**Given entries:**

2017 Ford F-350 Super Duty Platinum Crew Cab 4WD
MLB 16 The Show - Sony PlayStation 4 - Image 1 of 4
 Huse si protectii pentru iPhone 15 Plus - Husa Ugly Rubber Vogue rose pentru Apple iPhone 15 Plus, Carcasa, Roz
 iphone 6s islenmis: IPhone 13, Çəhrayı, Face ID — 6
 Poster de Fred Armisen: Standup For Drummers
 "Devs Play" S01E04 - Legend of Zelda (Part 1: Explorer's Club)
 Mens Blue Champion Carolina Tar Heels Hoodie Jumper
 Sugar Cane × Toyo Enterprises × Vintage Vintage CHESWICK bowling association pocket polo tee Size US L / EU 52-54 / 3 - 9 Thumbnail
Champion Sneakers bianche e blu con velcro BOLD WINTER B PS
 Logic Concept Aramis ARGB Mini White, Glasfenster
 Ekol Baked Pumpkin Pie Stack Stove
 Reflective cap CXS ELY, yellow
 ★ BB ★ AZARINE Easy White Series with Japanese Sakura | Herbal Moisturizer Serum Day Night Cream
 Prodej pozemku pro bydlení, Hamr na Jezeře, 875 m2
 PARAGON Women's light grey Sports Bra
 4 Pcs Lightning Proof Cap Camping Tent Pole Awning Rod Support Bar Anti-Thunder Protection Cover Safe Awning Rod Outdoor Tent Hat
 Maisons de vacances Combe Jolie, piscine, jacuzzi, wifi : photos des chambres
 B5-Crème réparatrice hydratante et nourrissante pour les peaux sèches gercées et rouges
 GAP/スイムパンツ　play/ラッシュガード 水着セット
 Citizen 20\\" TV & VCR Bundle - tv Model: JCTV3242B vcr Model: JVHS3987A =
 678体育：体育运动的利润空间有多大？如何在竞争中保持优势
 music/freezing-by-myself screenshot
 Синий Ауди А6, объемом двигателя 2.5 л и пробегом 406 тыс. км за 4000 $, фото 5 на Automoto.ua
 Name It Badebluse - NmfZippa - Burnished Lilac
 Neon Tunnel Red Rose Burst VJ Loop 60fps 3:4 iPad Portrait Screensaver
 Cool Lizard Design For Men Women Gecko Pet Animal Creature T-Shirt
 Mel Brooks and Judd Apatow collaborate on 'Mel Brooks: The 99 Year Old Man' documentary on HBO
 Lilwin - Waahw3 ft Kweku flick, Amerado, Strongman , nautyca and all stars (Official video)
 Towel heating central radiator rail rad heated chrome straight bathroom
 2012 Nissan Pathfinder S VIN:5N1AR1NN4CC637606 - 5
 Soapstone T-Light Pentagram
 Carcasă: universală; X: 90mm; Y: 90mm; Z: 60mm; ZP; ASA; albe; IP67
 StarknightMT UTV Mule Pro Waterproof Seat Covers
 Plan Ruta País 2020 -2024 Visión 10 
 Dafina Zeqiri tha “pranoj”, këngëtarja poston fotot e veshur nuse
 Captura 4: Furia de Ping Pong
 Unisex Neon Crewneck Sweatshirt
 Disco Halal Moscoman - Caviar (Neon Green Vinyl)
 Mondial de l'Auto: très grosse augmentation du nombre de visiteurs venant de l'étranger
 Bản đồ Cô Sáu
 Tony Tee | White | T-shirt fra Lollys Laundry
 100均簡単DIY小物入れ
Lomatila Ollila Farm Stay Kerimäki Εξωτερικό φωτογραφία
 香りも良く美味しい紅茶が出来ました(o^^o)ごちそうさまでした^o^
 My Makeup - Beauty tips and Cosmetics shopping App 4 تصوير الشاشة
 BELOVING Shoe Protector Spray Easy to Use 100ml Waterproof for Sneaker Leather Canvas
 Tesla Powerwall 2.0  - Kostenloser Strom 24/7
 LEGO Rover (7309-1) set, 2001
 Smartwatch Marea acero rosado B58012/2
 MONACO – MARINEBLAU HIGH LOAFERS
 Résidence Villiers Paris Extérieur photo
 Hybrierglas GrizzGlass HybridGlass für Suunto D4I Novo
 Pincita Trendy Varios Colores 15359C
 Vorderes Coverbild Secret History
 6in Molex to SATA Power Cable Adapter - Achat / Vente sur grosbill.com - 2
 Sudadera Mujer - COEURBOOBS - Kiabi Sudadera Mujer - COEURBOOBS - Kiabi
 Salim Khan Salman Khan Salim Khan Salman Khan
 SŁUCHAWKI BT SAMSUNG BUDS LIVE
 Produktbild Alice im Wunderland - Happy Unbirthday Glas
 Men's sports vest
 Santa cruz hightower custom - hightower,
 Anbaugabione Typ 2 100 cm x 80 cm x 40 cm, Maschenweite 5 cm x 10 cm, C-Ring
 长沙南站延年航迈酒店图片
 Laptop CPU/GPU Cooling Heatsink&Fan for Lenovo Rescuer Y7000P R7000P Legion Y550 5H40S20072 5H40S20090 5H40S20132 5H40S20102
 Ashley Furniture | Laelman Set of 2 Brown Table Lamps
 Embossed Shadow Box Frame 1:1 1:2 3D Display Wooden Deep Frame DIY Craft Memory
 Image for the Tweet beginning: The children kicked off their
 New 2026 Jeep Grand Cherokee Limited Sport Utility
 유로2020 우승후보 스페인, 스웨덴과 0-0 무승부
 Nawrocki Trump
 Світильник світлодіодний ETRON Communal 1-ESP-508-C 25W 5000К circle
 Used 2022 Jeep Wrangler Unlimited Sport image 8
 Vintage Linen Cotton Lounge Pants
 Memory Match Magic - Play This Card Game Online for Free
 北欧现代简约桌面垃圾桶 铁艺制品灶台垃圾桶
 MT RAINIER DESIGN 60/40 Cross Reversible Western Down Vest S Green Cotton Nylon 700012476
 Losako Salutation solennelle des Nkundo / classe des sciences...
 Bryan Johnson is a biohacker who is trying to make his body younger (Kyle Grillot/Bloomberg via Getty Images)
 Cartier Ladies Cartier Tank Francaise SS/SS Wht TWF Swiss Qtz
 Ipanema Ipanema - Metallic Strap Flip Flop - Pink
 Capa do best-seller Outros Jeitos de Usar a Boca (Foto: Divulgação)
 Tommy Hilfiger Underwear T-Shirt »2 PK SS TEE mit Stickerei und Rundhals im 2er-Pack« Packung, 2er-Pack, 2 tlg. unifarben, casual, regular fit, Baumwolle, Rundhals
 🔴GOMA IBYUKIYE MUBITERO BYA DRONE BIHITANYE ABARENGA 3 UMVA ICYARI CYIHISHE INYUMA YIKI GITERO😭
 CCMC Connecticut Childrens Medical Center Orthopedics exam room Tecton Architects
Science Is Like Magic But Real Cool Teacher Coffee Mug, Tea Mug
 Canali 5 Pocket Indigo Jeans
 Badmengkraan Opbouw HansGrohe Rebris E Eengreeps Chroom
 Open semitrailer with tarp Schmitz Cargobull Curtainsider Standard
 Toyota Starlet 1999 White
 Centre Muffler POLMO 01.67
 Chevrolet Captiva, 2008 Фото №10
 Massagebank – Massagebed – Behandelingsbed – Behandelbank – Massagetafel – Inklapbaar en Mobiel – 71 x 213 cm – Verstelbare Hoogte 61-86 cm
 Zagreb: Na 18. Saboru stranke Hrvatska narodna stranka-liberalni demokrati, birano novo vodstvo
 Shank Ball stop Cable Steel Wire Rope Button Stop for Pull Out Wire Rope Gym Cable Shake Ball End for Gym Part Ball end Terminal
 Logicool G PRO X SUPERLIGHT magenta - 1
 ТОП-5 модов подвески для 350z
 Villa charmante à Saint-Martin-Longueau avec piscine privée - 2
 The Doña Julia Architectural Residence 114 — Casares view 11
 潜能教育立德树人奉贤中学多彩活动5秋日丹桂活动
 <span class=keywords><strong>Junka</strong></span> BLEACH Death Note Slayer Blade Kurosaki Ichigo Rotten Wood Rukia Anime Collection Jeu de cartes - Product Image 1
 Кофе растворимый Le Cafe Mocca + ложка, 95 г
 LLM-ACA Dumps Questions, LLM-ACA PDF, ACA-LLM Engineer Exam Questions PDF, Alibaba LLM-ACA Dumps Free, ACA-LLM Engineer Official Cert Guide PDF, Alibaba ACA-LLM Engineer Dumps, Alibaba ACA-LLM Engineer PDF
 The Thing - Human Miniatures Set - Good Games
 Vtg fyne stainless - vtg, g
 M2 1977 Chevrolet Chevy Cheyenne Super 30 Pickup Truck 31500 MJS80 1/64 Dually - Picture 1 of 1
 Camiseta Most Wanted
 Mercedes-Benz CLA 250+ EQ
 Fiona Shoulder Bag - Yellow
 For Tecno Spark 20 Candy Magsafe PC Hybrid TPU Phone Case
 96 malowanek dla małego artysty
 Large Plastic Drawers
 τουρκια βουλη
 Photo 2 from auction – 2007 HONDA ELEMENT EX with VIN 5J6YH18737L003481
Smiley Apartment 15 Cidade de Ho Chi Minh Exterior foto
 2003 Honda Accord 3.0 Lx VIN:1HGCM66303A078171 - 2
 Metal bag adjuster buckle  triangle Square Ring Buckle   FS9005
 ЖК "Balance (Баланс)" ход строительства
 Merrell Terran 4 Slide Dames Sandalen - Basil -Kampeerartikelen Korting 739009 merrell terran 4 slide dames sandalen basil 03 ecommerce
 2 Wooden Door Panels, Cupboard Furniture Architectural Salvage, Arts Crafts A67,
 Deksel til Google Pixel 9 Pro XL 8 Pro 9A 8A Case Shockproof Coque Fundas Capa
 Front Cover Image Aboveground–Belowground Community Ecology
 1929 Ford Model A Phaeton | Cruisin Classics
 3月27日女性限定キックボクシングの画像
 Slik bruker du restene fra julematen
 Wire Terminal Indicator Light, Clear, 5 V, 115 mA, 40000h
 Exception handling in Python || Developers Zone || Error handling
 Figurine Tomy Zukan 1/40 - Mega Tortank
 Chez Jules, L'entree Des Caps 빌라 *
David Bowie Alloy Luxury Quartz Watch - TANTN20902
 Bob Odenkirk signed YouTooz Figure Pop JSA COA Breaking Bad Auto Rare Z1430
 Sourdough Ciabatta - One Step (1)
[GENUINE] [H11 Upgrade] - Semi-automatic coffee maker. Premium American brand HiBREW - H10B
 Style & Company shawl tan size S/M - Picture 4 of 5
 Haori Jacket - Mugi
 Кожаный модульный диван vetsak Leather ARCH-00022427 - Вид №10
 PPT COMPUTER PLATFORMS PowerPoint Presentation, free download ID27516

**Exercise aim:** Print, from the entries above, the line with "Deksel til Google", the line with "David Bowie Alloy" and all lines between them, exactly and with nothing else.

**Response to the exercise:**
 Deksel til Google Pixel 9 Pro XL 8 Pro 9A 8A Case Shockproof Coque Fundas Capa
 Front Cover Image Aboveground–Belowground Community Ecology
 1929 Ford Model A Phaeton | Cruisin Classics
 3月27日女性限定キックボクシングの画像
 Slik bruker du restene fra julematen
 Wire Terminal Indicator Light, Clear, 5 V, 115 mA, 40000h
 Exception handling in Python || Developers Zone || Error handling
 Figurine Tomy Zukan 1/40 - Mega Tortank
 Chez Jules, L'entree Des Caps 빌라 *
David Bowie Alloy Luxury Quartz Watch - TANTN20902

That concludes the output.